March 17, 2013, Fifth Sunday in Lent


Year C, Lent V
March 17, 2013
The Reverend Dr. Brent Was
          It is a little discombobulating, how the Lenten lectionary is laid out for us this year.  We have not followed Jesus and his friends on their journey chronologically or geographically.  Lent, in Year C, is St. Luke, and is expressed rather thematically, but this week, we are plopped into St. John’s narrative in Bethany, on the doorstep of Jerusalem. The scene is six days out from the Passover, much as we are a seven days out from Holy Week, our Christian nod to the Passover remembrances.  We find ourselves scripturally with Christ at the final push before the tragedy and loss of Holy Week, preludes to the mystery and joy of the Easter event.  And St. John paints for us quite a scene in the home of Mary, Martha and Lazarus.

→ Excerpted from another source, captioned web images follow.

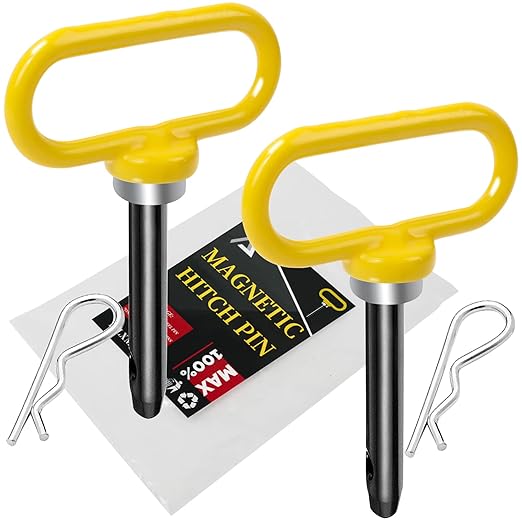 2 Packs Magnetic Hitch Pin, Lawn Mower Trailer Hitch Pins 1/2 Inch with Handle and Clip, Trailer Gate Pin for Mowers, Tractor Truck, Towing Cargo, ATV - Simple One Handed Hook On & Off（Yellow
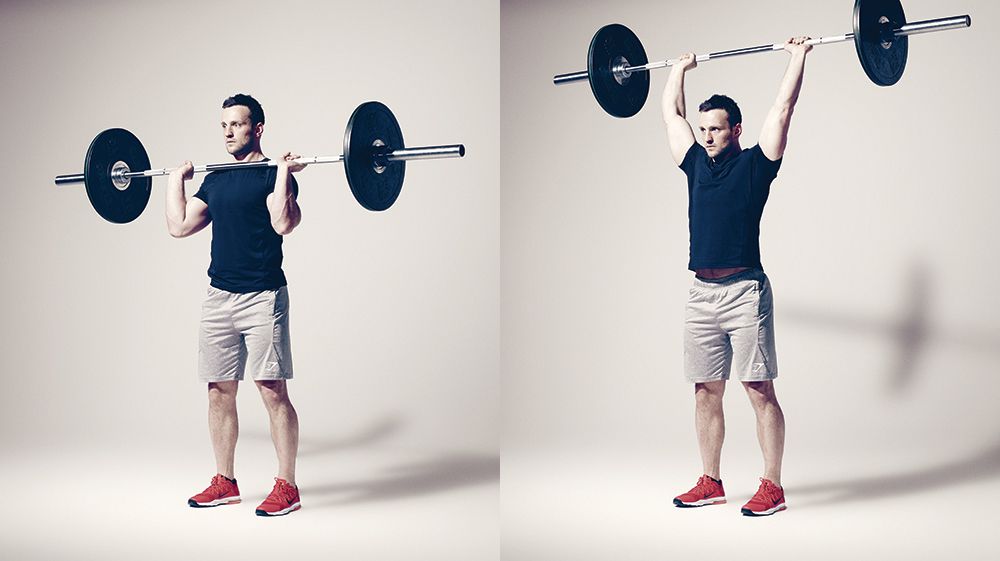 Man demonstrates two positions of the overhead press using a barbell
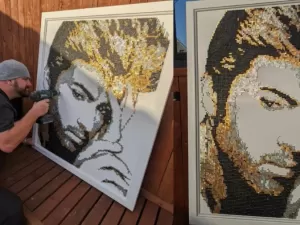 Designer faz quadro em homenagem a George Michael com 12 mil parafusos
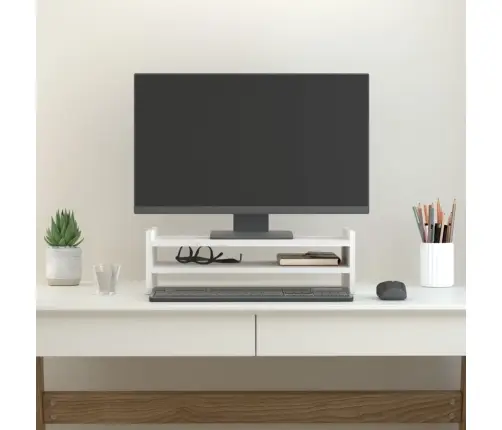 Monitora Paliktnis, Balts, 50X27X15 Cm, Priedes Masīvkoks Vidaxl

          Who were Mary, Martha and Lazarus? _____  They were siblings. Lazarus, most famously, was raised by Jesus from the dead.  Remember, everyone complained about the smell?  But it worked out.  And Mary and Martha?  In Luke, they hosted Jesus in their home.  Martha bustled around the kitchen while Mary sat at Jesus’ feet listening to His teaching which rather annoyed her sister, but when she complained to the Rabbi He pointed out how distracted Martha was, how all over the place she was and that “…Mary has chosen the better part and that will not be taken away from her.”  I am just glad that it is Martha and Mary, not Martha and Gary because we men-folk would never hear the end of that one.  Basically, they were part of the community that Jesus formed around Himself.  They were supporters of the movement, housing and feeding them when they were in town, maybe gathering friends and family in Bethany to hear Him preach, or maybe to talk or pray together when He was not there.  Probably they raised money, too.      
          There is deep humanness in this story, not just John 12:1-8, but the whole of the Gospels, the whole of the Bible, actually.  Remember, Jesus is a person, a man.  Fully human and fully divine; you can’t realize your full humanity, facing death, facing pain and loss and joy and happiness if you somehow also floated above it as God.  No, to be human is to be in this morass with the rest of us.  And Jesus Christ was up to his neck in humanity, I can’t imagine that He fully understood the depth of His true divinity.  The humanity of it all is incredibly important to remember as we involve ourselves in the Gospel.  This is not a story about them, the Holy ones, Others…  no, the Gospels, the Bible is about us, people, living our lives in our own extraordinary times and places.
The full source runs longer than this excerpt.